The majority of patients with type 2 diabetes who switched from insulin therapy to the GLP-1 receptor agonist, liraglutide, continued this therapy for at least 1 year and experienced similar rates of glycemic control and an average of no change in body weight, according to a study published in Diabetes Therapy.
For patients whose type 2 diabetes cannot be adequately controlled with oral antidiabetic medications, GLP-receptor agonists may be equally effective as insulin.
This retrospective study analyzed the experiences of 104 patients who switched from insulin to liraglutide (57% female, mean body mass index 39.8 ± 5.4 kg/m2, mean age 57.2 ± 9.9 years) from January 2009 to February 2015, as well as their baseline characteristics, with the aim of determining possible predictors of success.
After 1 year, 58% of these patients (n=60) continued taking liraglutide. Of the remaining patients, 36% (n=37) discontinued therapy within 1 year due to poor glycemic control and 7% (n=7) discontinued due to intolerable side effects (6 out of 7 discontinued within the first 120 days of treatment).

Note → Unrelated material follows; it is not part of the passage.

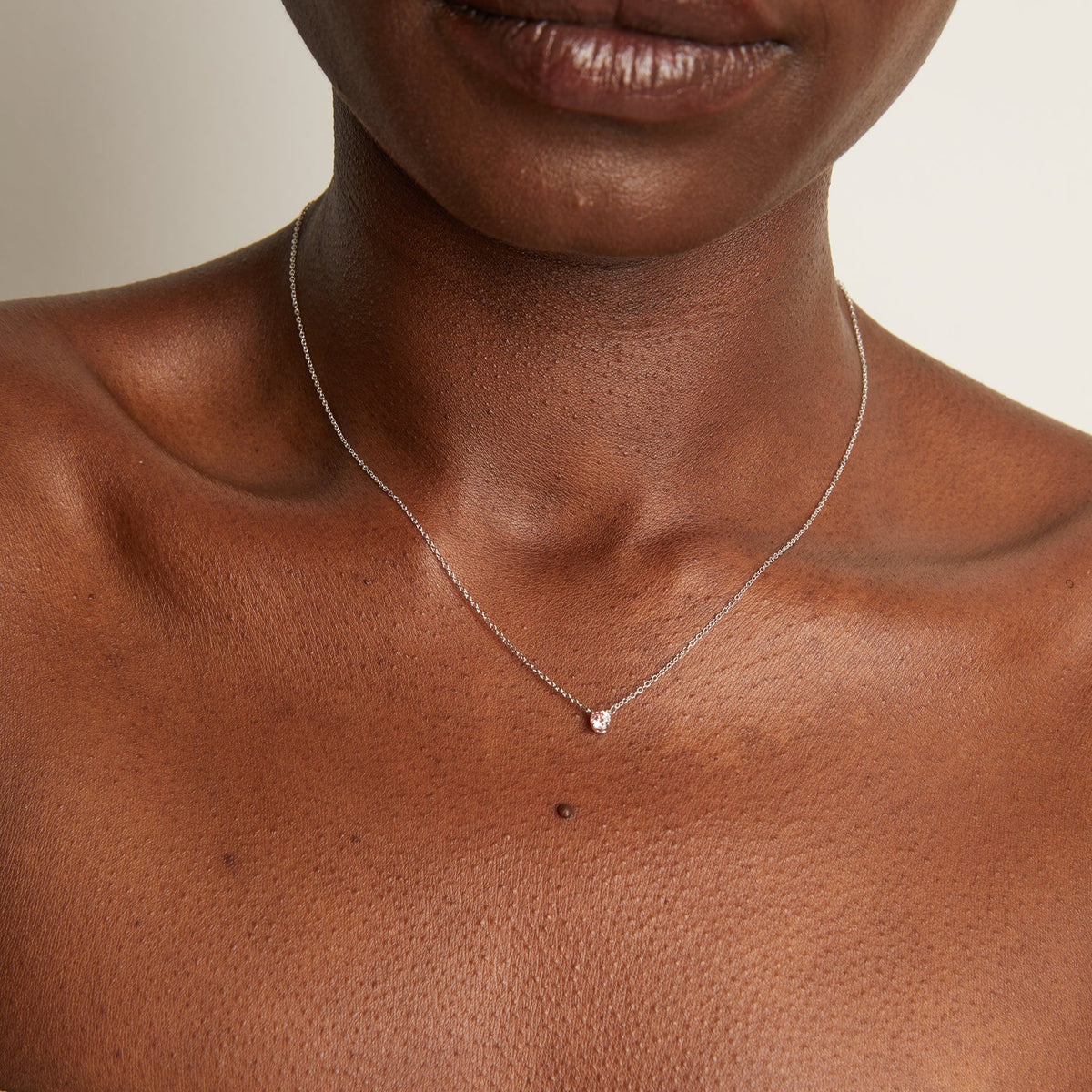Model. Woman wearing delicate chain necklace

Patients who successfully continued liraglutide therapy after 1 year had a significantly lower dose and frequency of insulin at baseline, and patients who achieved a glycated hemoglobin level of ≤ 7% (53 mmol/mol) had lower glycated hemoglobin levels at baseline and shorter durations of diabetes and insulin therapy.
Study investigators conclude that “this also indicates which patients on insulin can reduce their insulin dose after adding a GLP-1 receptor agonist.”
Reference
Bruinstroop E, Meyer L, Brouwer CB, van Rooijen DE, van Dam PS. Retrospective analysis of an insulin-to-liraglutide switch in patients with type 2 diabetes mellitus]. Diabetes Ther. 2918; 9(3):1369-1375.